The salesmen operated their business with a firm grip of mercilessness and constantly cheated the poor, poverty stricken people who can barely even afford the honest original price (Steinbeck 61). I understand that they also have a family to feed, but the salesmen already have a steady job and a roof above their families head. These displaced people don't have either one. The salesmen could cut them some slack instead of "screwing" (Steinbeck 121) them over, if you pardon the language. Instead of selling overpriced bread and meat (Steinbeck 374) and replacing the newer car batteries with old ones after a car has been bought (Steinbeck 62), the salesmen could raise the price a little (they have to feed their family too) but give the people what they paid for, not some cheap imitation of something that is doubled in price.

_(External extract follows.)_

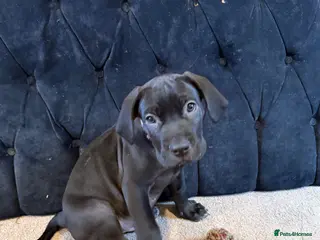 Cane Corso dogs COLLECT TDAYPure Breed CaneCorso Pups - Advert 4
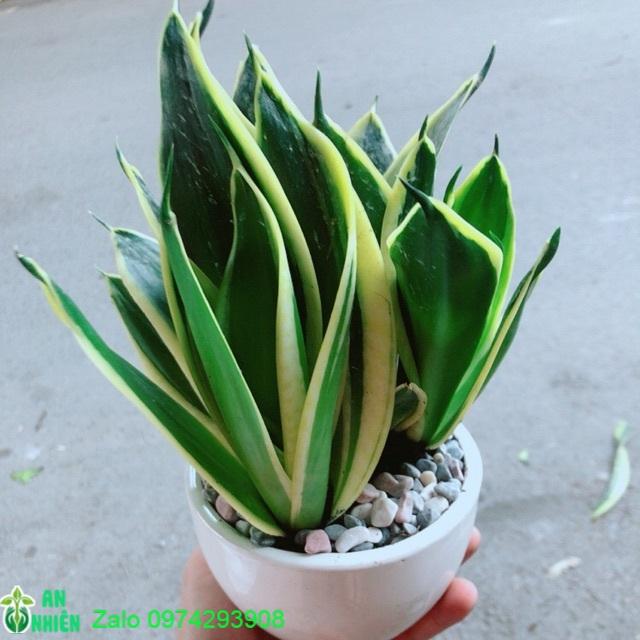 Chậu Lưỡi Hổ Thái Xanh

The land owners (and in the hierarchy of things the uncompassionate and unsympathetic banks for imposing this on the land owners) also are very unkind toward the poverty class people. They are making enough profit as it is to spare a penny or a nickel to raise wages. Their "employees" (I don't really think they count as employees because they work for a short amount of time without benefits [maybe a camp is provided, but other than that, free peaches!] and move on when the work is done) are starving and dying because they are not making enough money to buy food for their equally starving family. If the land owners would raise the wages then people won't starve and the land owners could still make a profit.

Steinbeck, John. The Grapes of Wrath. New York: Penguin, 2006. Print.